Insights

Beyond the Blueprint

Crafting Business Success through Strategy-Structure Alignment

I often meet with business leaders who are struggling to understand why they are not achieving the results outlined in their strategic plans. After digging deeper, it becomes clear that many have not adapted their organizational structure to enable effective deployment of their strategy.  This misalignment can occur at the corporate, divisional/ regional, or even functional level.  

Here are a few examples from our recent client work. In each of these cases, we recommended organizational structure changes that enhanced the likelihood that our clients would achieve the results outlined in their long-range plans.  


Large, publicly traded industrial manufacturer:

Strategy: Big bets built on several enterprise-wide strategic initiatives  

Structure:  Regional P&L structure which controlled the resources to execute these initiatives (both funding and people)  
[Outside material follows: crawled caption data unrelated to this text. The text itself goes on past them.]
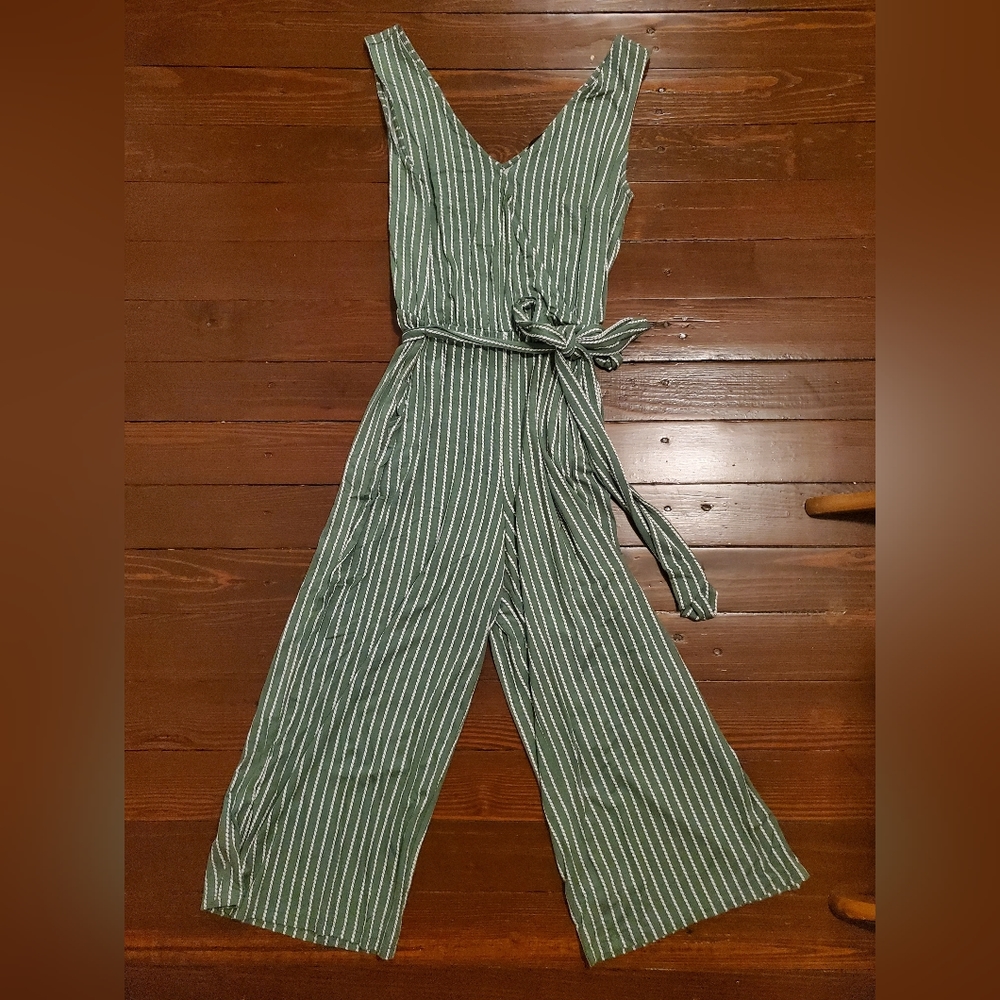 Green and White striped Jumpsuit Romper Colleen Lopez size small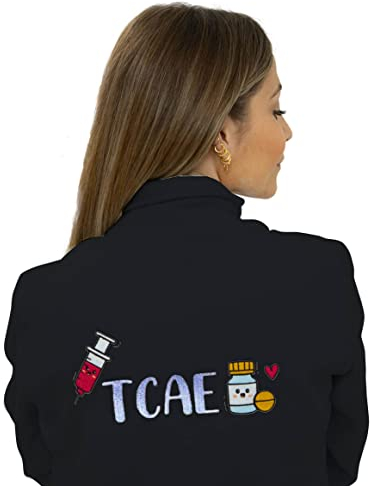 WEARK Forro Polar Enfermera Bordado Bolsillos y Cremallera Colores Suave Mujer (M)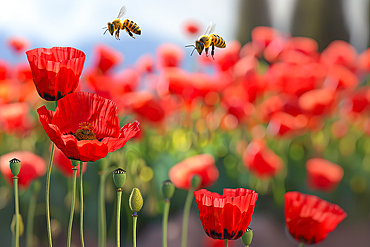 AI generated image of Honeybees flying above a red poppy field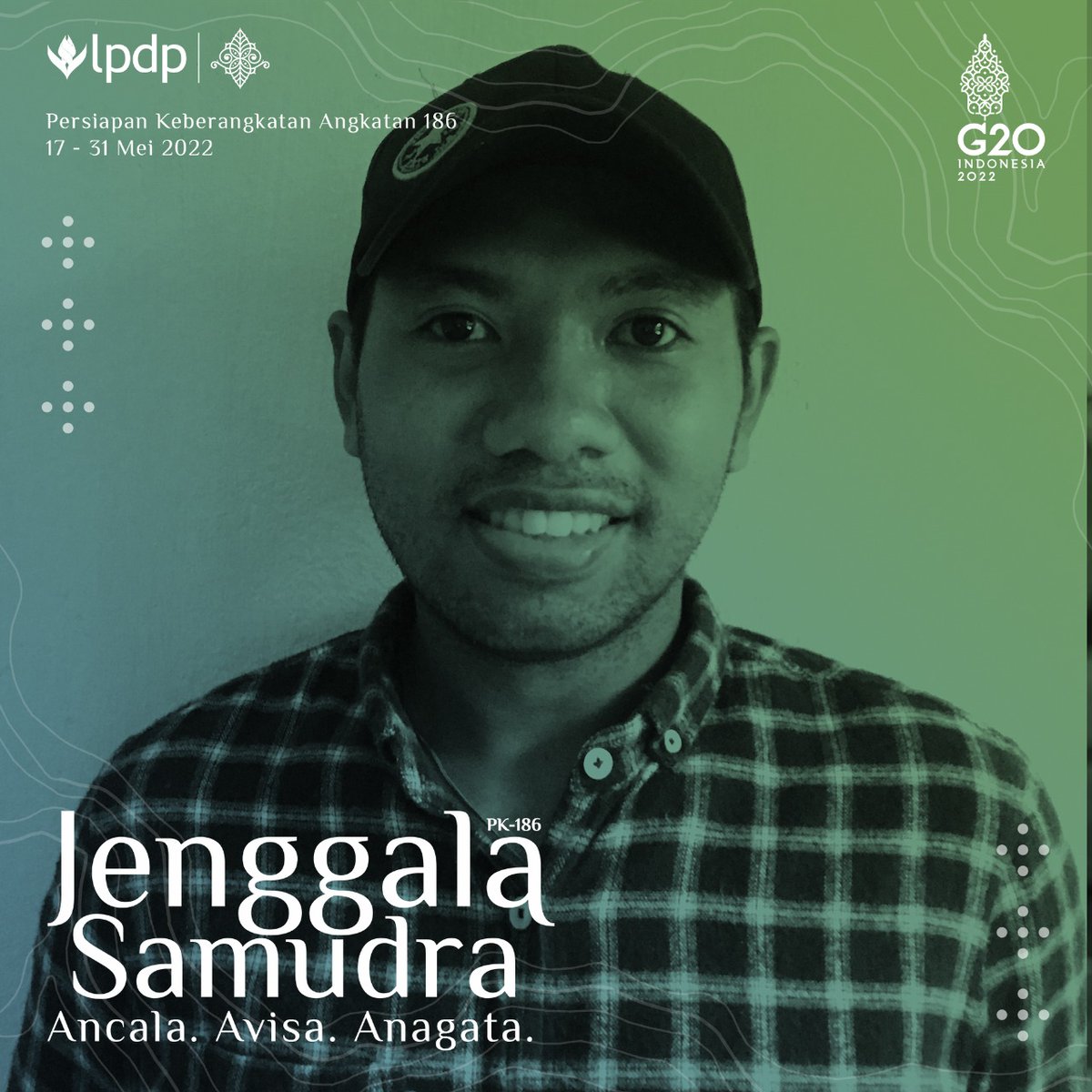 Berkolaborasi merangkai tujuan dan cita negeri, saya Patrick Latue, awardee <a href="/LPDP_RI/">#DiriUntukNegeri</a> siap mengikuti Persiapan Keberangkatan (PK) 186.
"JENGGALA SAMUDRA"

#LPDP
#PK186
#JenggalaSamudra
#DiriUntukNegeri
#AkuPastiMengabdi
#SatuDekadeLPDPSemakinBerintegritas
#SDMUnggulIndonesiaMaju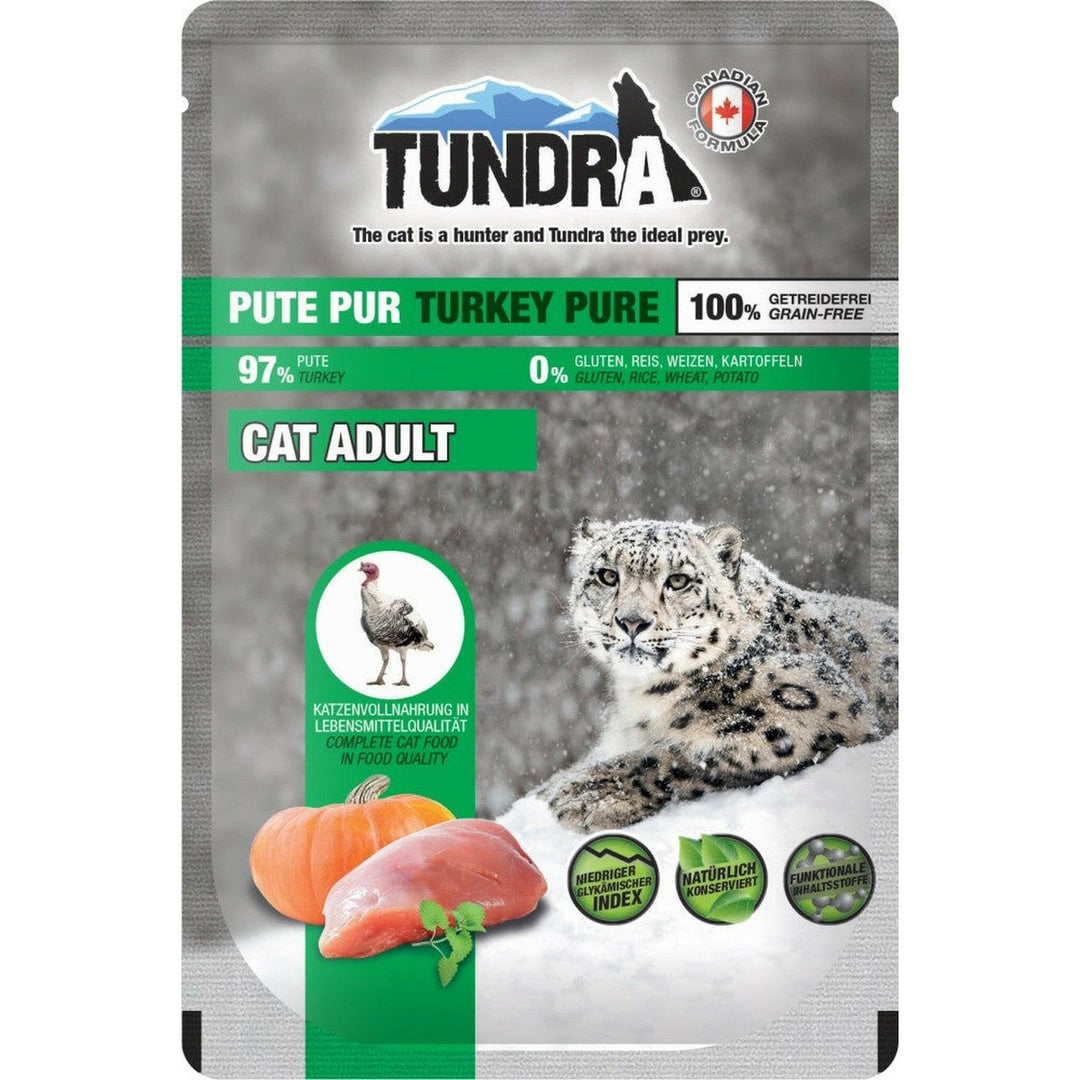 Tundra Katzenfutter Pute Pur, Nassfutter, Pouchbeutel 16 x 85 g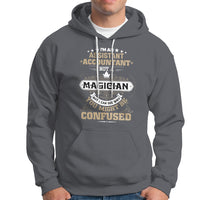 Charcoal gray pullover hoodie with front graphic and kangaroo pocket, drawstring hood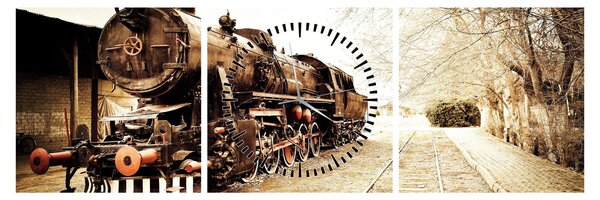 Obraz - Historická lokomotiva (s hodinami) (90x30 cm)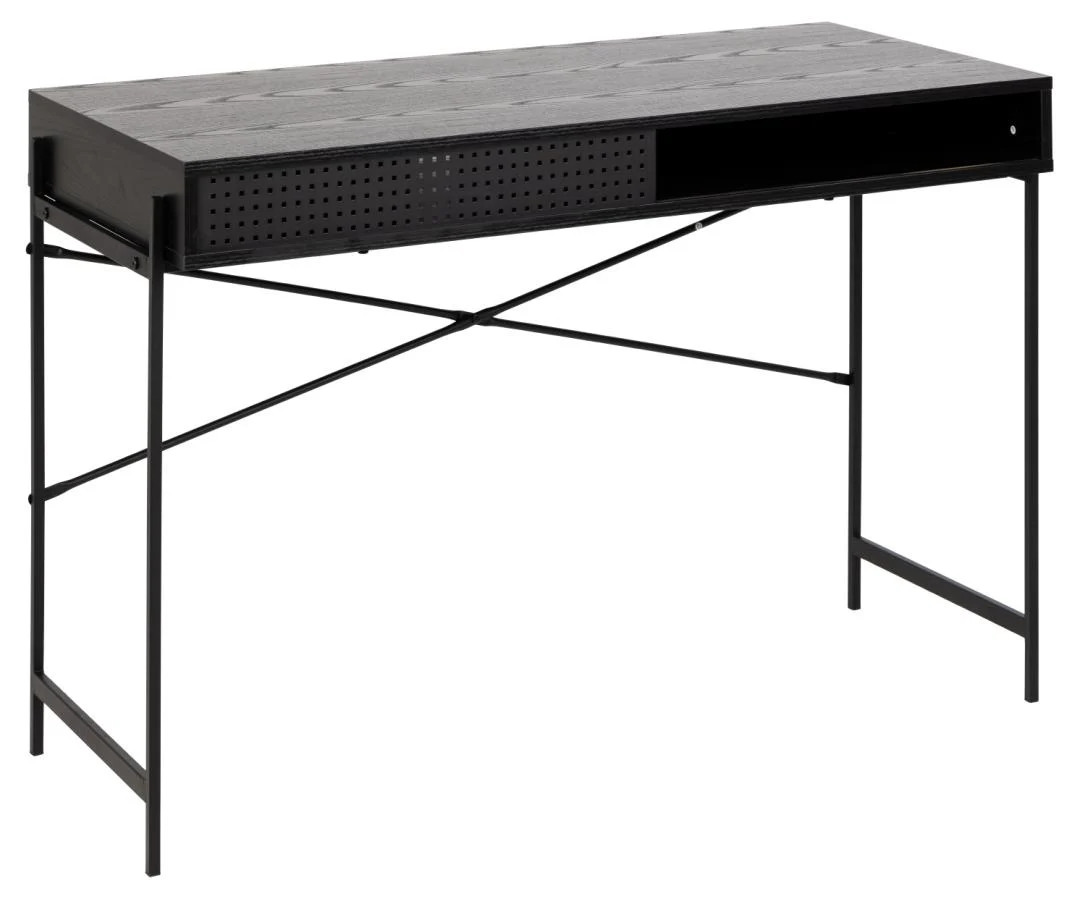 Zwart industrieel bureau van MDF en staal, 110x50x75 cm. Modern design voor thuis of kantoor.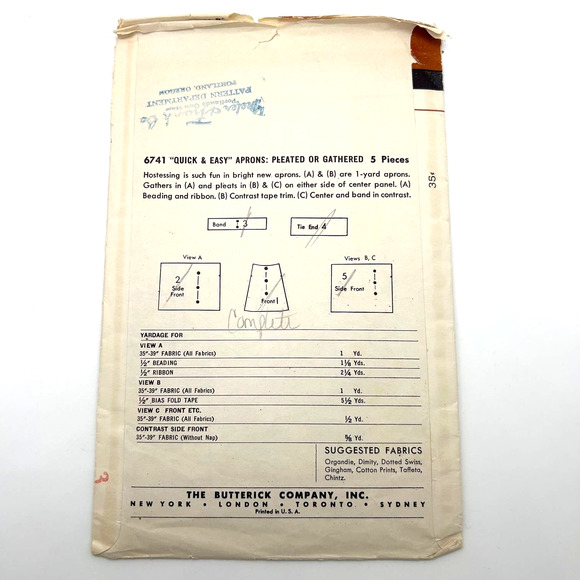 Butterick Vintage 1950's Pattern #6741 Half Apron Pleated or Gathered OS - Picture 6 of 6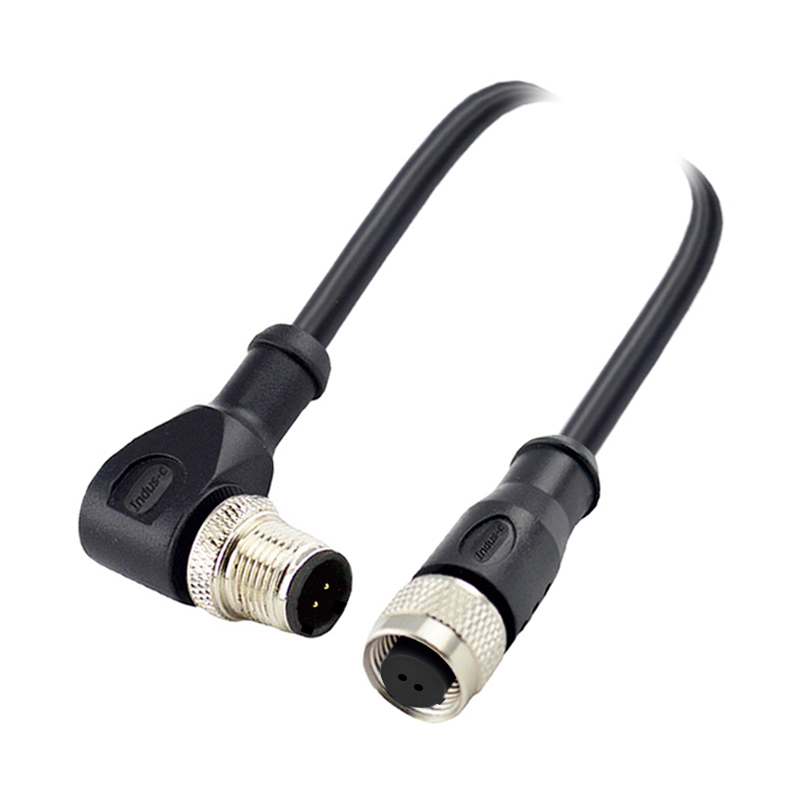 M12 2pins C code male right angle to female straight molded cable,shielded,PUR,-40°C~+105°C,22AWG 0.34mm²,brass with nickel plated screw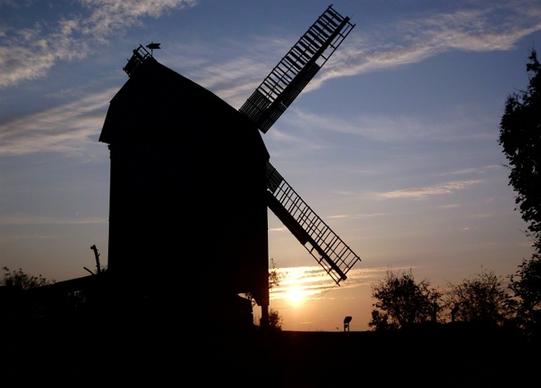 germany sunset windmill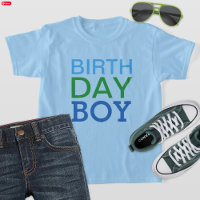 Bleu gras et vert garçon d'anniversaire bleu clair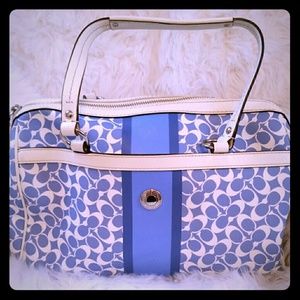 Coach Chelsea blue and white tote bag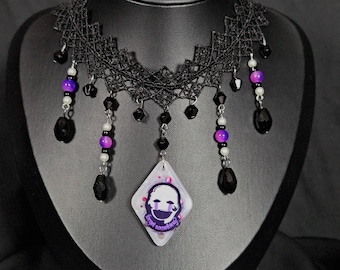 FNAF Puppet Reminder Pendant & Gothic Lace Choker: "forget something?"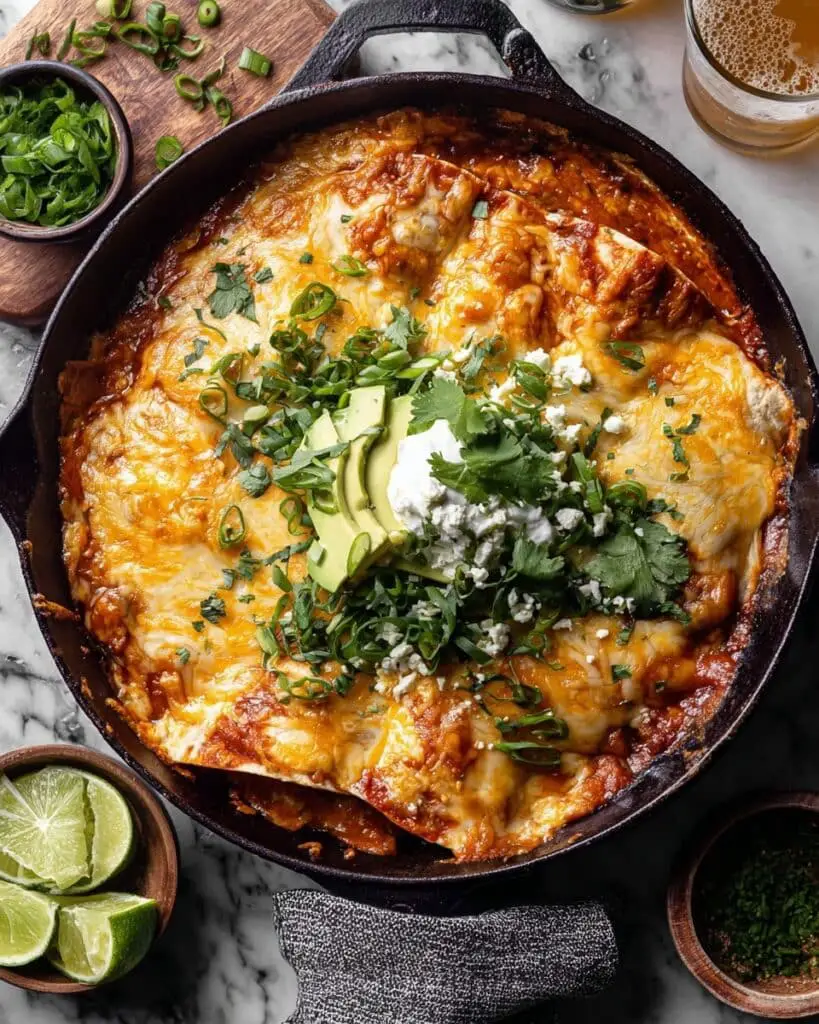 Skillet Creamy Chipotle Chicken Enchiladas Recipe
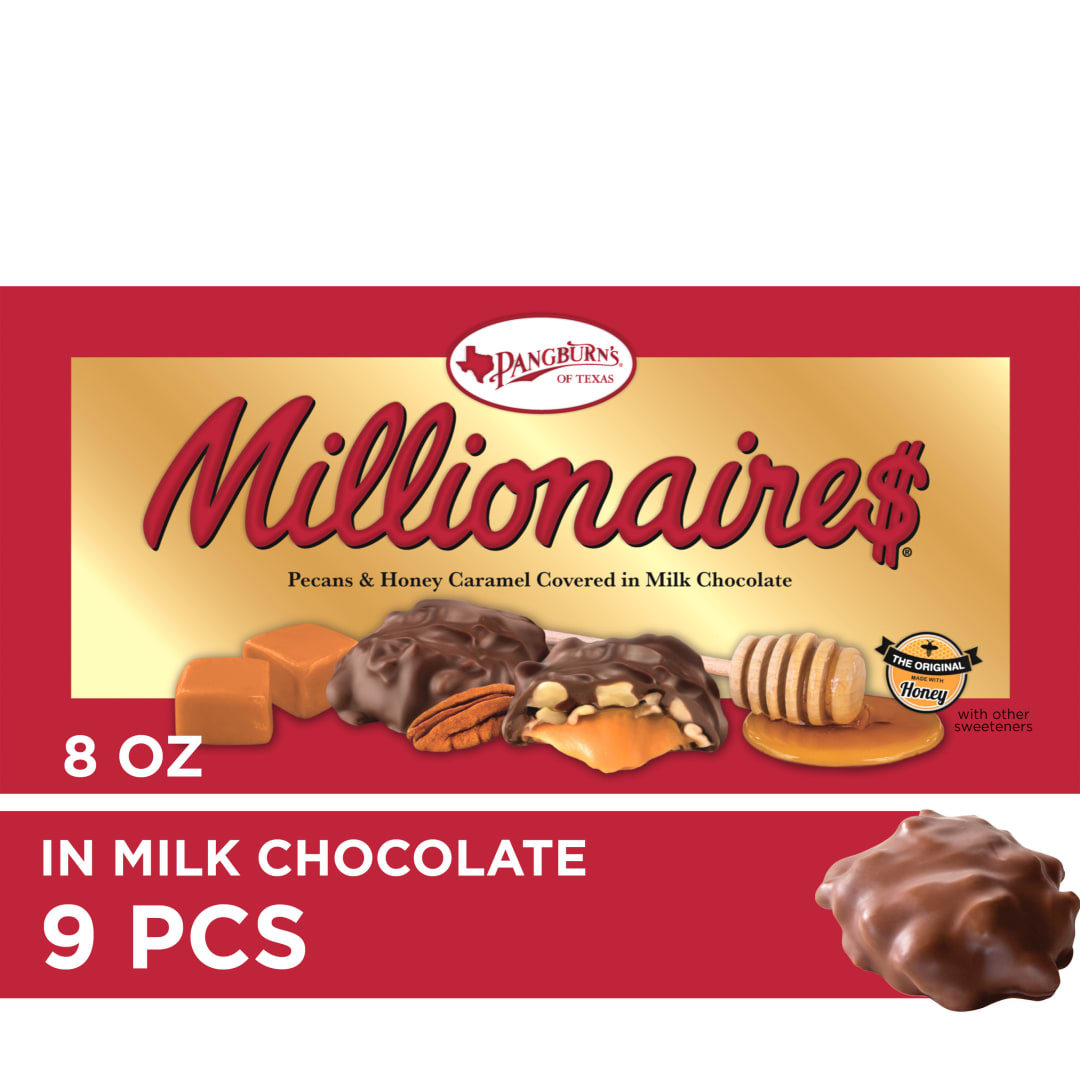 PANGBURN'S OF TEXAS Millionaires Milk Chocolate Covered Pecans and Honey Caramel Gift Box, 8 oz.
Challenge:  When the regional leaders needed to trim costs within their business units to meet quarterly targets, funding for these global initiatives were often cut or resources redeployed.  

Recommendations:

  • Funding for enterprise-wide initiatives resides within the Chief Strategy Officer’s global organization
  • An Enterprise Program/ Project Management Office should be built within the CSO’s organization with dedicated resources to lead these initiatives, provide executive visibility to progress and any risks to successful implementation, and develop and execute effective mitigation plans
  • Additional support for execution would be leveraged within the regional structure, but leadership roles would be dedicated to the initiative and sit outside the regional structure


$800M privately-held manufacturer  

Strategy:  Significant growth through innovation  

Structure: A product management organization that was built around particular products/ product categories, some of which had strong brands with meaningful expansion opportunities and others that were limited in scope.  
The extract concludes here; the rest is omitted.